The word "geology" must sound old-fashioned, because for the last few decades colleges have been changing their geology departments to Earth science departments, or Earth and planetary science departments, or geoscience departments. But "geology" literally means the exact same thing as "Earth science." To figure out what is happening, I think we have to look around the edges of these two names—what are their connotations?

On "Geology"

Geology is the older word and has a long history. In that sense, geology is the root of Earth science.

The word arose before today's scientific discipline. The first geologists weren't even geologists; they were "natural philosophers," academic types whose novelty lay in extending the methods of philosophy to the book of nature.
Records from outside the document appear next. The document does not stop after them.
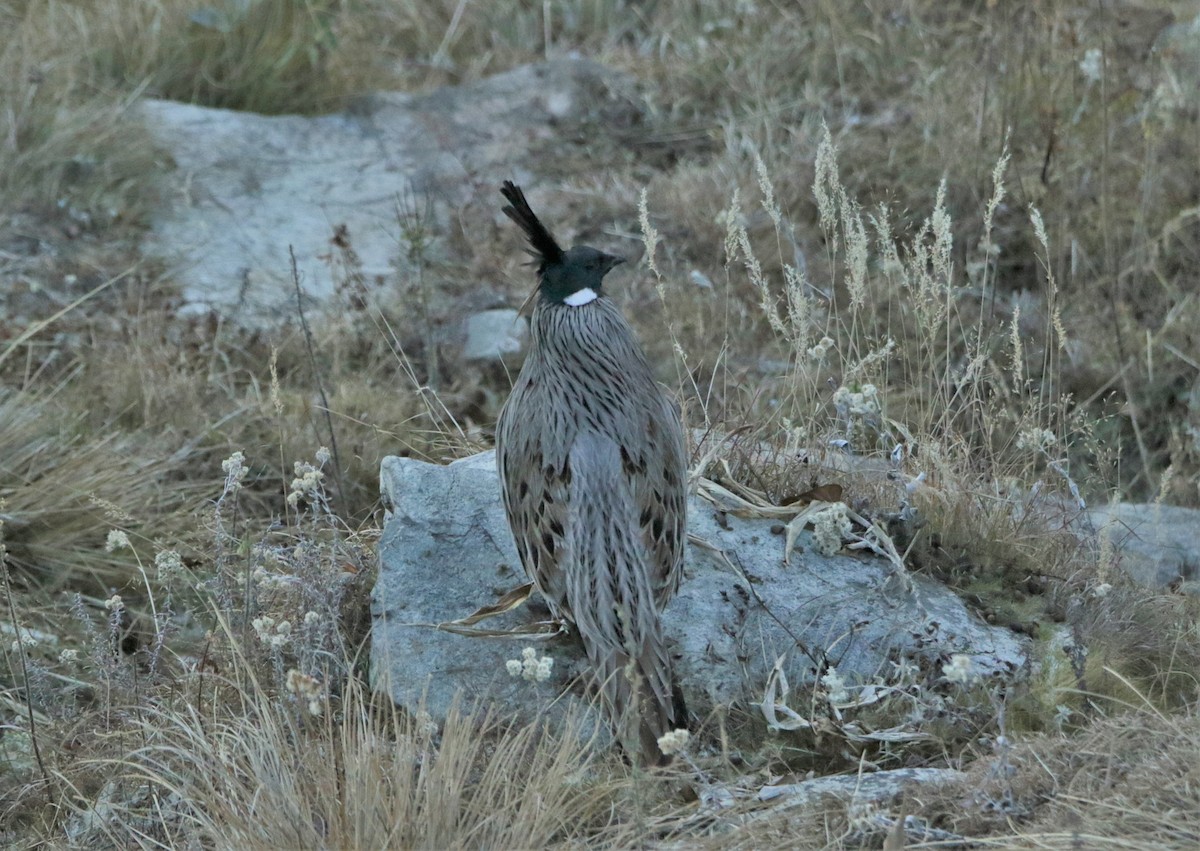 Yazılı Sülün - ML616401984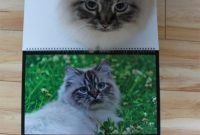 Katzenfotos aufnehmen- 3 ultimative Tipps z. B. für deinen Katzenkalender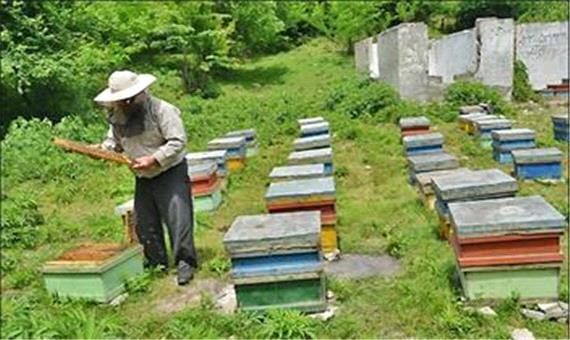 تولید 14 تن عسل سالانه در محمودآباد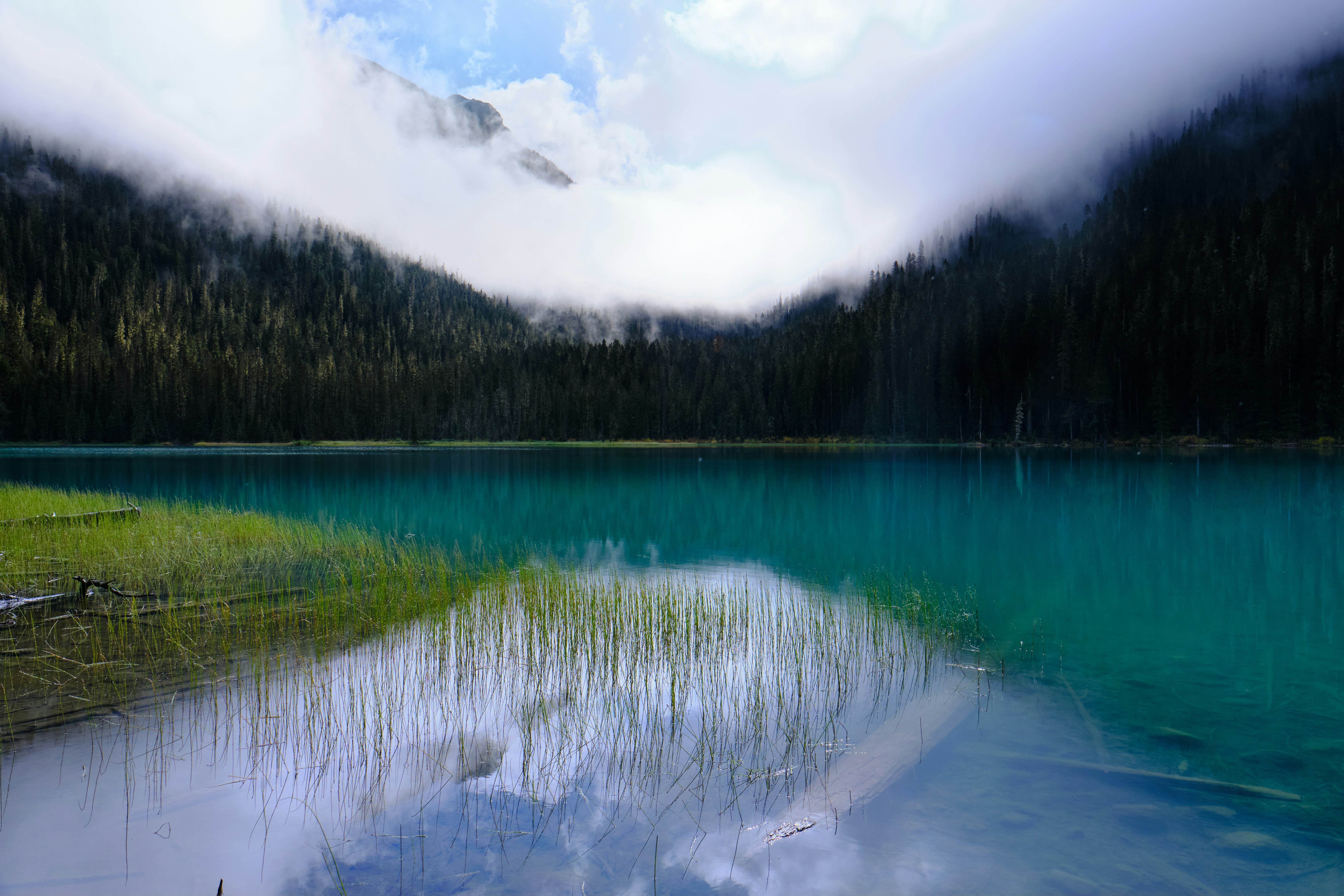 Photo by kevinmueller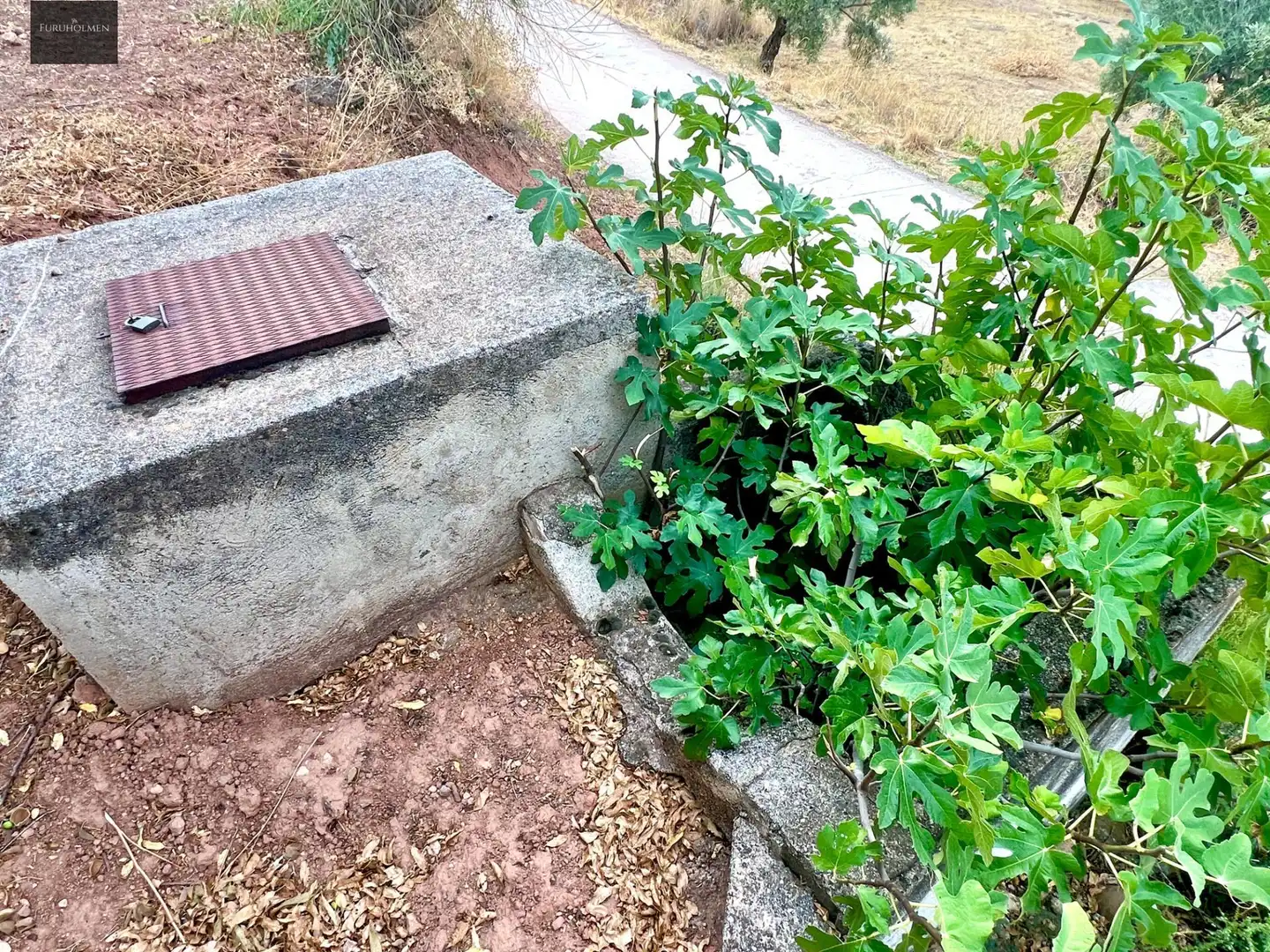 Rustikales Grundstück zum Verkauf in Nívar, imagen 24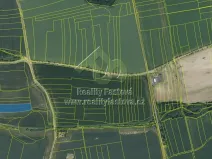 Prodej pole, Šťáhlavy, 27962 m2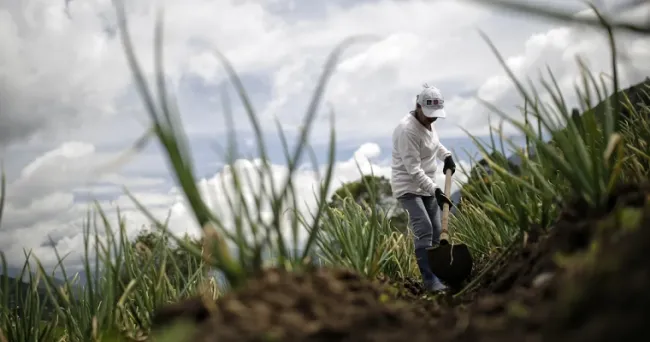 Lanzan microseguro voluntario con enfoque para trabajadores informales del campo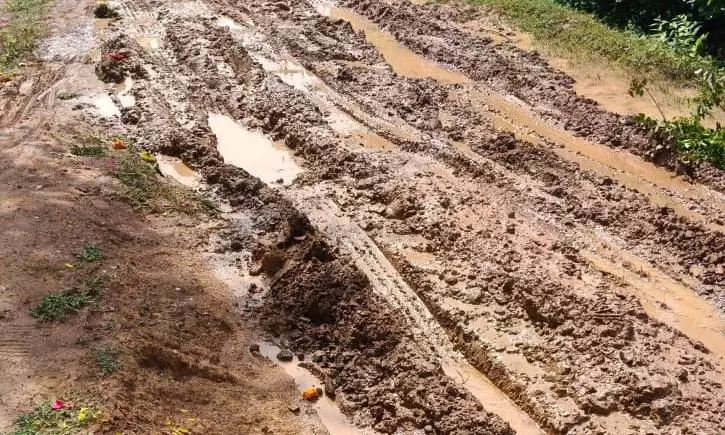 சேறும், சகதியுமான சாலை சேறும், சகதியுமான சாலை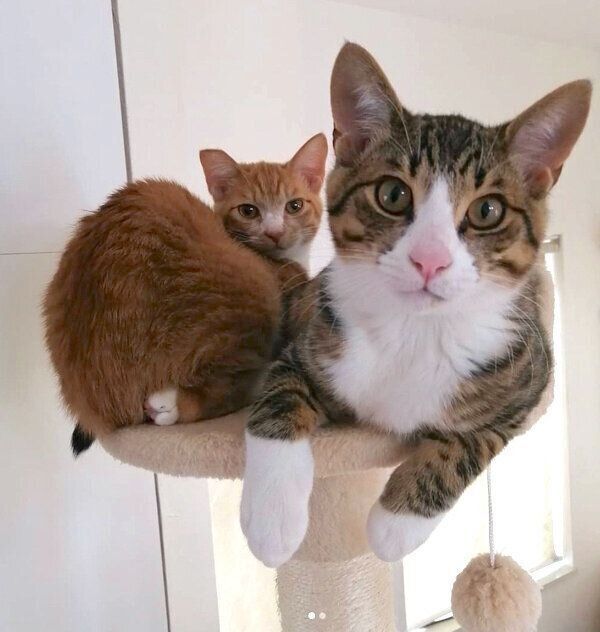 キャットタワーでくつろぐあんこちゃん、きなこちゃん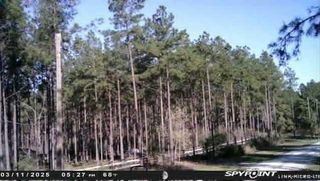 000 Richardson Road E, Livingston, TX 77351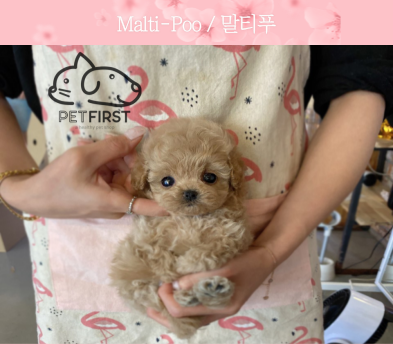 말티푸 입양합니다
The first meaning of the word geology, in the 1700s, was a treatise, a "theory of the Earth" like the cosmology or "theory of the heavens" that was Isaac Newton's triumph a century before. The still earlier "geologists" of medieval times were inquisitive, cosmological theologians who treated the Earth by analogy to the body of Christ and paid scant attention to rocks. They produced some erudite discourse and fascinating diagrams, but nothing that we would recognize as science. (Today's Gaia hypothesis might be thought of as a New Age version of this long-forgotten world view.)

Eventually, geologists shook off that musty medieval mantle, but their subsequent activities gave them a new reputation that was to haunt them later.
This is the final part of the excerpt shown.